SWSX 2007. It was the year of the female singer. And of course of Iggy. Let's do Mr. Osterberg first. South By Southwest usually saves the best for last, which always seems to mean the final act at Stubb's on Saturday night. For those unfamiliar with Austin, Stubb's is a BBQ joint, once owned by CB Stubblefield or "Stubb," a Navasota, Texas native who opened his first pit out in Lubbock after returning from the KO-rean (as they say it in Texas). While C.B. and his Lubbock restaurant are gone now, his name lives on in a line of nationally marketed sauces and in the Austin location, which has what can only charitably called a "venue" out back. Big, slanty, mudhole is more like it. Instead of an amphitheatre, Stubbs is a hillside sloping down into a gulley which collects rain, trash and chicks showing their tits to whatever heartthrob (Iggy Pop?) is onstage at the time. If it rains, forgetaboutit. Last year I stood in the rain and watched the Pretenders and promised myself nevermore. This year I watched an earlier act on the same bill, the Kings of Leon, who were absolutely wonderful except for the fact that they've now adopted a weird, pretty boy kind of look. They played a set heavy with the material from their new record, Because of the Times which was Stereophile's Recording of the Month for March, and it rocked.

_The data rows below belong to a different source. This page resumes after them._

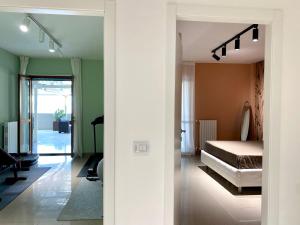 Bella Luna Apulian Living - Puglia Mia Apartments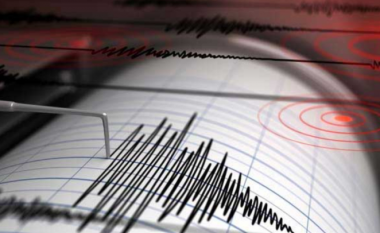 Tërmet i fortë shkund Zelandën e Re, rrezik për cunam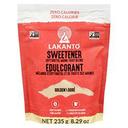 Golden Monk Fruit Sweetener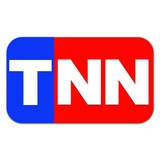 TNN NEWS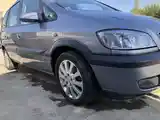 Opel Astra G, 2004-3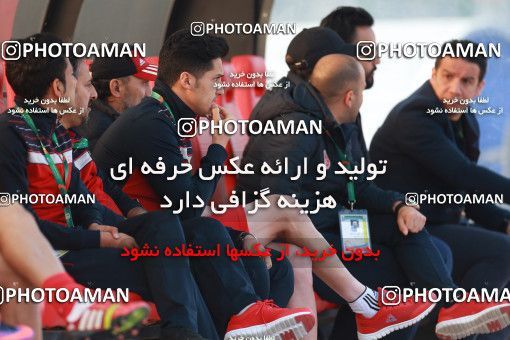 567573, Tehran,Shahr Qods, [*parameter:4*], لیگ برتر فوتبال ایران، Persian Gulf Cup، Week 24، Second Leg، Paykan 0 v 0 Padideh Mashhad on 2017/03/10 at Shahr-e Qods Stadium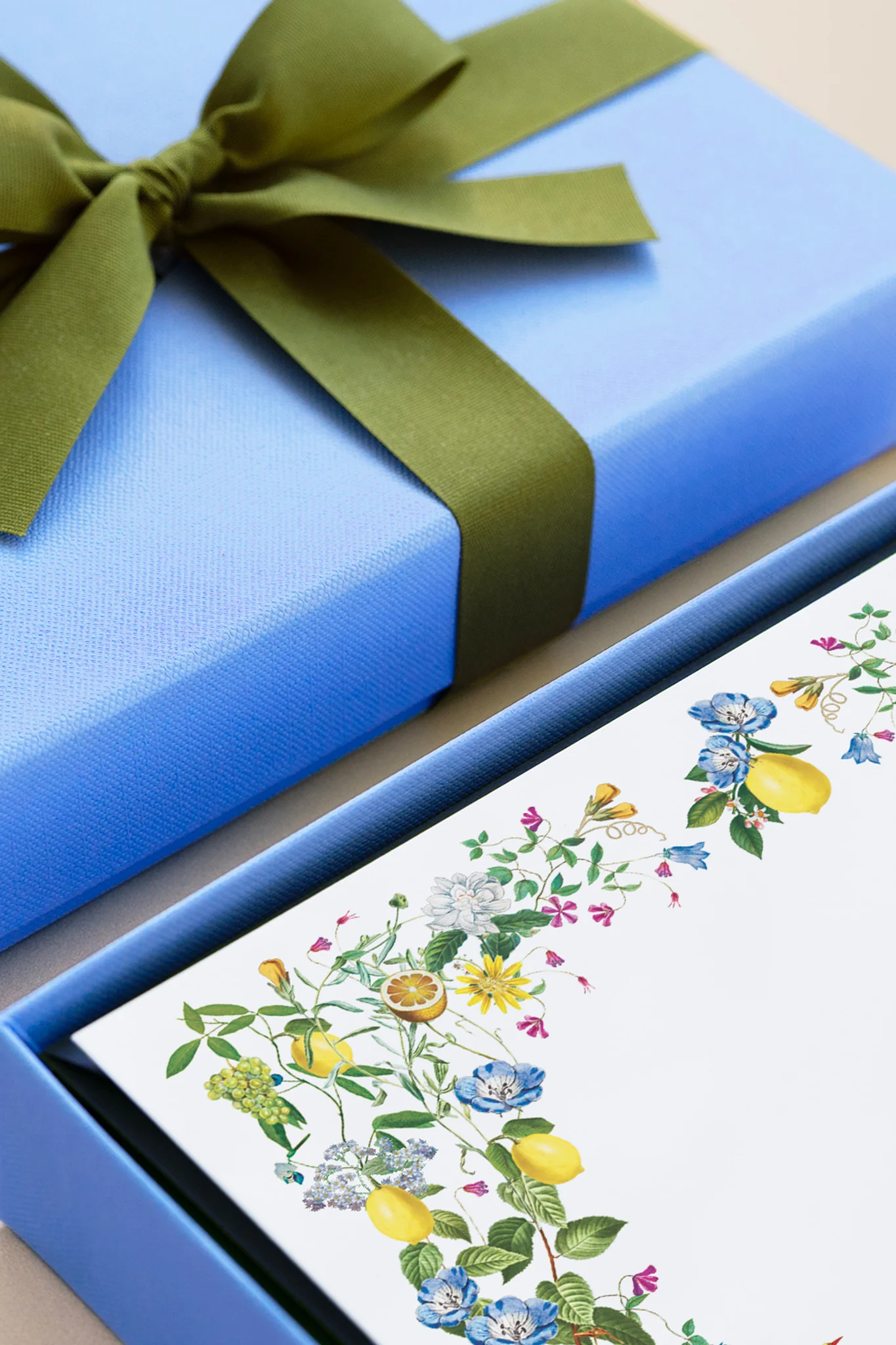 Al Fresco Stationery - Image 3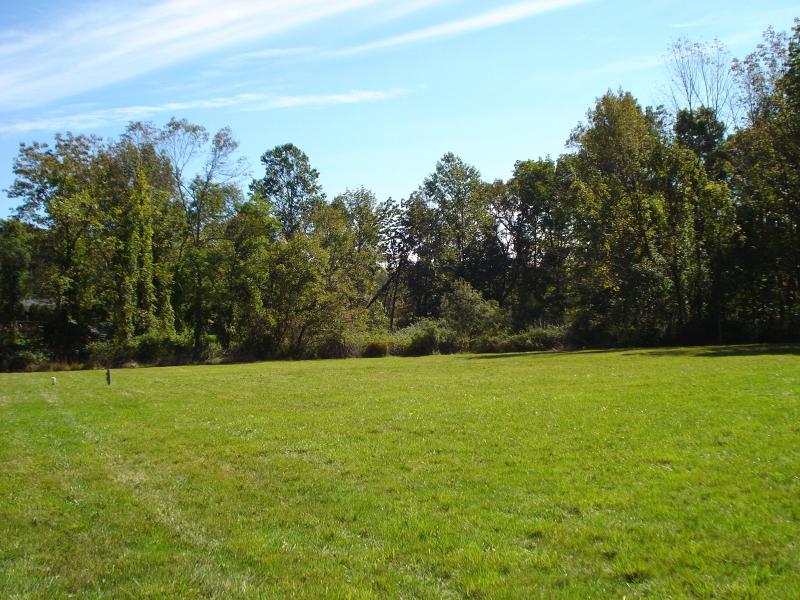 23 Dewey Ln - Photo 1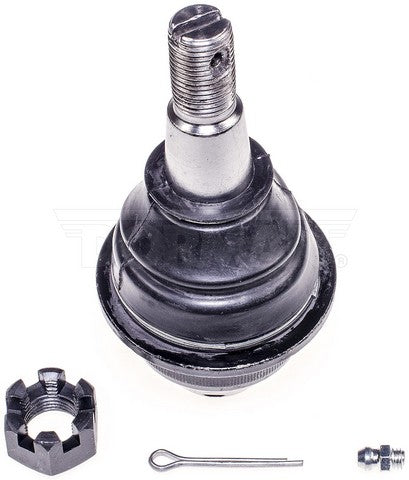 Suspension Ball Joint Dorman-OE Solutions 533-195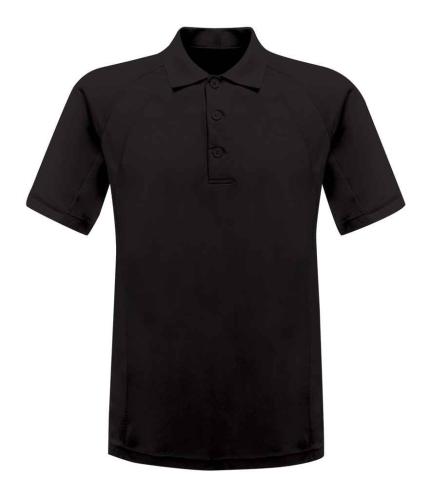 Regatta Standout Coolweave Piqu� Polo Shirt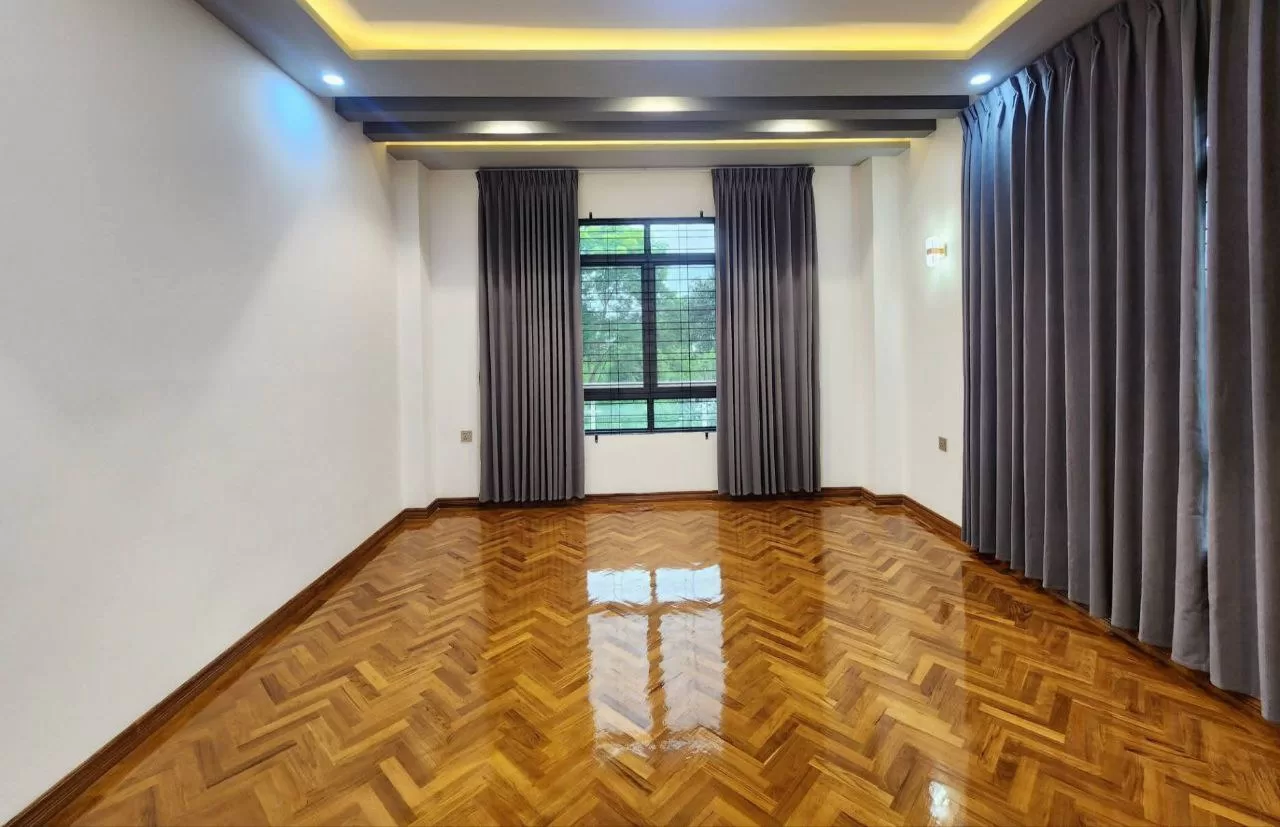 photo_2026-01-11_19-32-51 (3)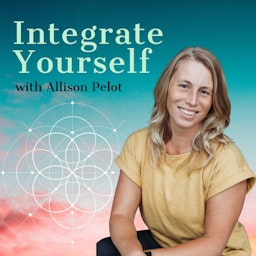 Integrate Yourself | Inspiring you to integrate all aspects of health in your life!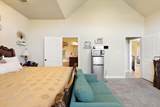 3203 Seneca Landing Lane - Photo 15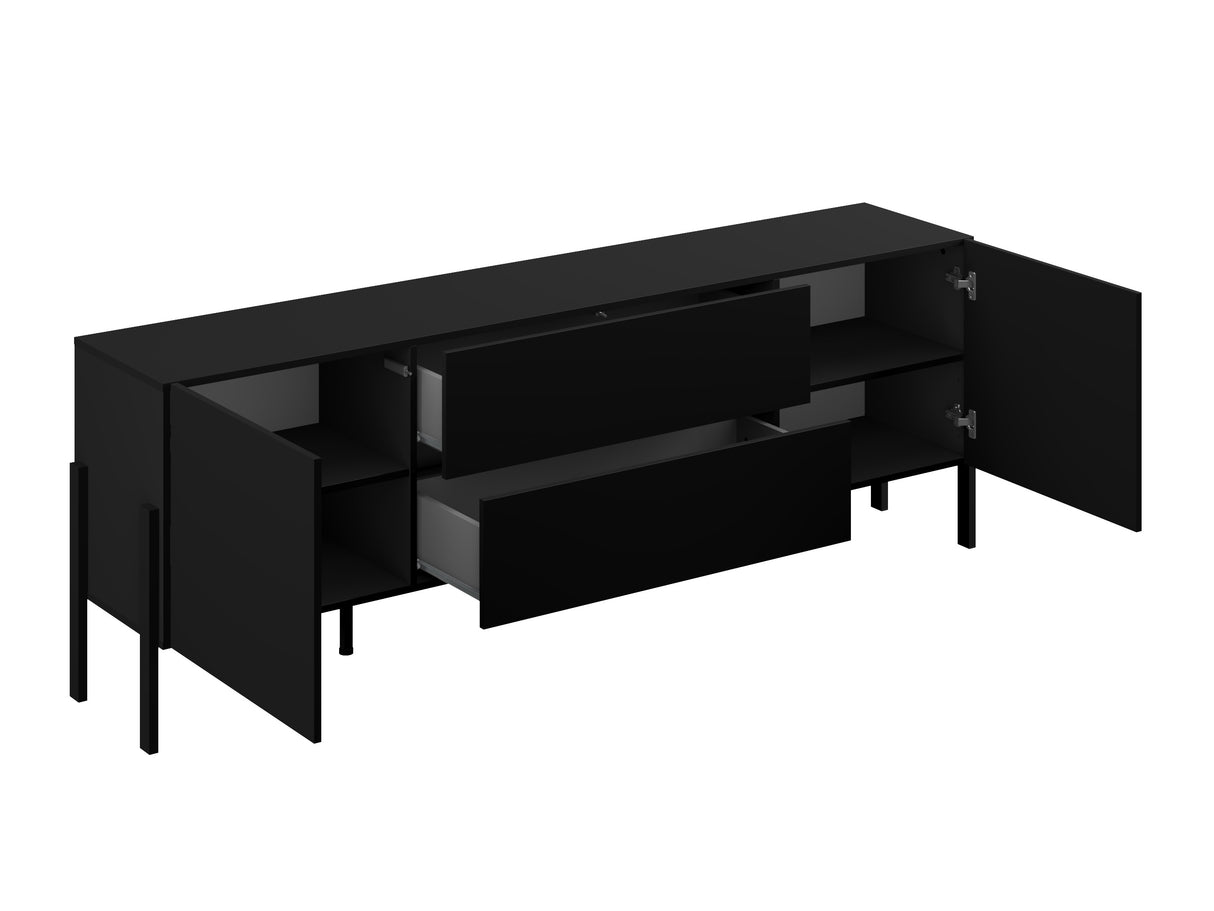Mueble TV 539399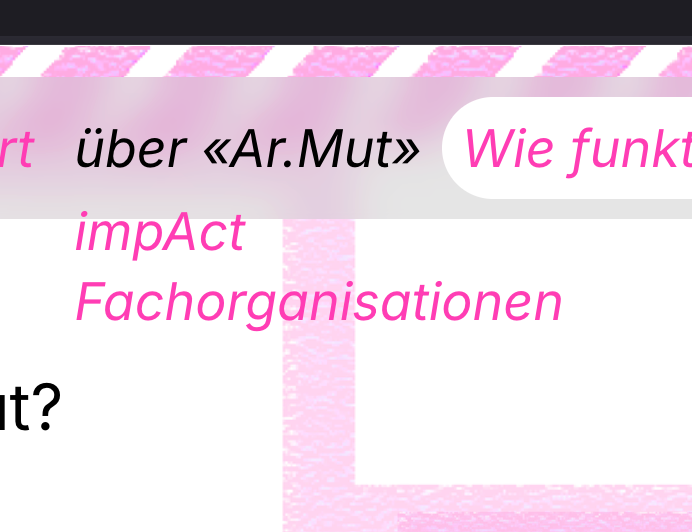 grafik.png
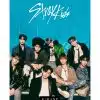 K*bang Stray Kids Special 4.0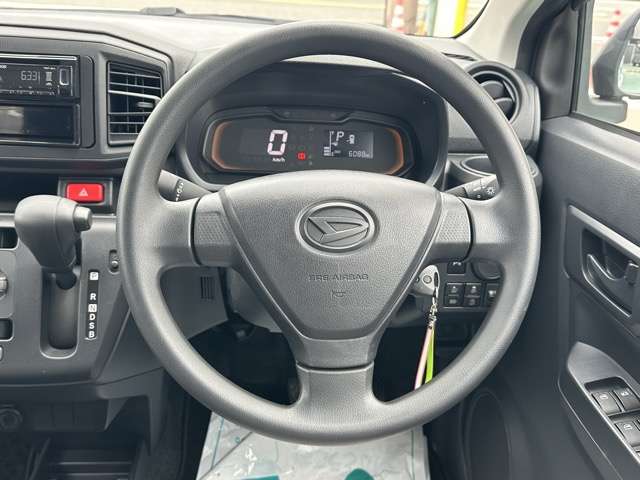 ダイハツ ミラ　イース ６６０ Ｌ ＳＡＩＩＩ R4年 (東海) 99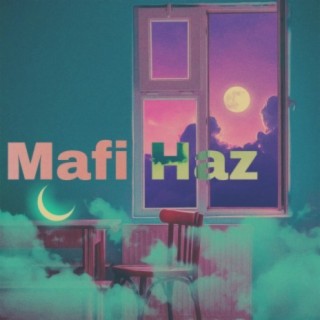 Mafi Haz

By the time Iggy went on I was beginning to feel as if an alien was inhabiting my body. Sleep deprivation will do that to ya. As a rule, by Saturday night at SXSW, the four day hangover slash schmoozing overload is so severe that Robert Plant could be singing you a lullaby and you'd never hear it.

Fortunately, several Stereophile music writers stayed inside for the entire show and reported that Iggy, with the other two surviving Stooges, Ron and Scott Asheton (guitar and drums respectively) sounded as primal as ever. Wrinkly–er but still loud and raw. Opening with "Loose," Iggy was jumping into the crowd by the second song, the immortal, "I Want to Be Your Dog." The material from the new record, The Weirdness like the songs "Trollin'" and "ATM" also sounded very Stooges–esque although more than one writer mentioned to me that Iggy was trying too hard at times to be "punk" and "a rebel." Too much leering, too much posturing and too much self–conscious body contorting. My personal highlight of the show, which again I was in and out of rather quickly, was seeing him alternately flashing peace signs and his middle finger. Did it change my life this show? Definitely not. Sorry Stooges fans that was then and this is most assuredly now. I'll see him here in NYC again in a couple weeks so maybe my opinion will change.